TAMM, Circuit Judge:

Petitioner, City of Ukiah, appeals the Federal Energy Regulatory Commission’s (the Commission) issuance of a permit to Sonoma County Water Agency to study the feasibility of operating a hydroelectric generating plant. Petitioner asserts both substantive and procedural objections to the Commission’s decision. Because we find the Commission’s decision procedurally sound and supported by substantial evidence on the record as a whole, we affirm.

I. BACKGROUND

The City of Ukiah (Ukiah) applied to the Commission on May 27, 1980 for a “preliminary permit” to study the possibility of operating a hydroelectric generating plant at Warm Springs Dam. 1 Sonoma County Water Agency (Sonoma), intervenors in this action, applied for the same permit on August 25, 1980. Under the Commission’s regulations, the first-filed applicant is to be awarded the permit unless a subsequent applicant demonstrates an advantage in generating potential. 2 Here, the Commission found that Sonoma had demonstrated a capacity to produce substantially more electricity than Ukiah. Accordingly, the Commission awarded the permit to Sonoma. 3

The Commission’s conclusion that Sonoma could generate significantly more electricity than Ukiah at Warm Springs Dam rests primarily on a contractual relationship between Sonoma and the Army Corps of Engineers (the Corps). In 1964, Sonoma entered into a contract (1964 contract) with the Corps to purchase three blocks of water storage space in the reservoir (Lake Sonoma) behind Warm Springs Dam. Joint Appendix (J.A.) 649-60. 4 Most important for this case, the contract also gave Sonoma discretion to direct releases and regulate the use of stored water. J.A. 509, 653, 658.
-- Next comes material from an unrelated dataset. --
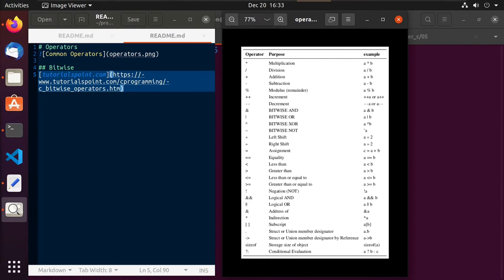Then we moved into talking about some of the basic data types and how they may or may not be a certain size, which is always dependent upon the operating system we're running or whether we have a 64-bit or 32-bit processor. In the last video we talked about how to use the printf function and figure out what that format string needs to look like. So we've done a lot to talk about various aspects of the C programming language, but we really haven't gotten down into actually using it.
*795 In its initial decision, the Commission found that Sonoma, by virtue of “its authority to direct water releases from [Warm Springs Dam], has demonstrated ... the ability to produce substantially more power ... than ... Ukiah.” City of Ukiah, 18 FERC (CCH) ¶ 61,108, at 61,204 (1982) (Order Issuing Preliminary Permit and Denying Competing Application). The Commission also acknowledged Sonoma’s claim that if it generated electricity at Warm Springs Dam, it would release excess water to increase power production. Id. at 61,203. Since there is a cost associated with releasing stored water, Sonoma noted that it would promote power generation only if it, and not Ukiah, received the benefits from the project. 5 J.A. 71-72. Consequently, the Commission concluded that “Sonoma’s control of water releases from Warm Springs Dam ... uniquely qualifies Sonoma as a superior applicant for a preliminary permit.” Id.

Ukiah applied for a rehearing of this order on March 12, 1982. 6 In its application, Ukiah argued that if Sonoma released water for power generation, Sonoma would be required to begin repayment of the project’s costs. Ukiah thus asserted that even if Sonoma’s contract with the Corps allowed Sonoma to release water for power generation, there would be a significant economic disincentive discouraging such releases.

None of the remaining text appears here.